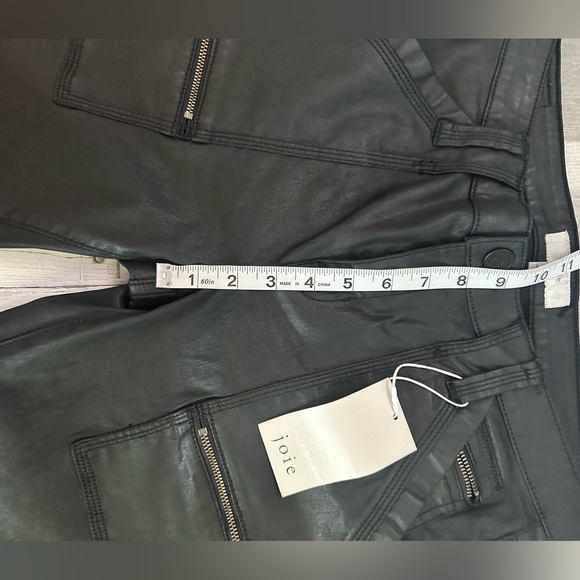 Anthropologie Joie | Sexy Coated Faux Leather Denim | High Rise ! Cargo … - Picture 4 of 10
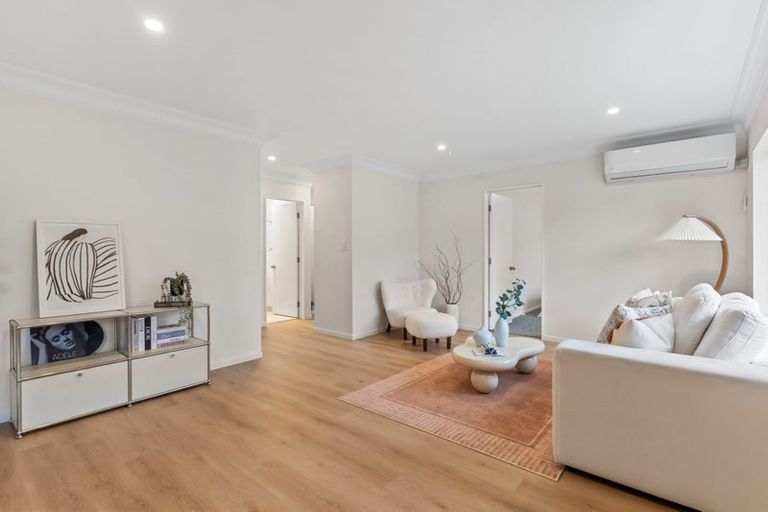 Photo of property in 710a Pakuranga Road, Howick, Auckland, 2010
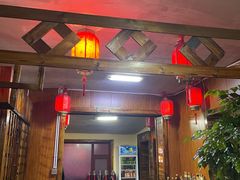 -果松木炭酸菜铜火锅·外婆参鸡汤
^^^^
* [EXERCISE DESCRIPTION]: All the lines above are to be given again exactly as they read, with the pictures removed.

* [TASK SOLUTION]:
 Anthropologie Joie | Sexy Coated Faux Leather Denim | High Rise ! Cargo … - Picture 4 of 10
 Photo of property in 710a Pakuranga Road, Howick, Auckland, 2010
 -果松木炭酸菜铜火锅·外婆参鸡汤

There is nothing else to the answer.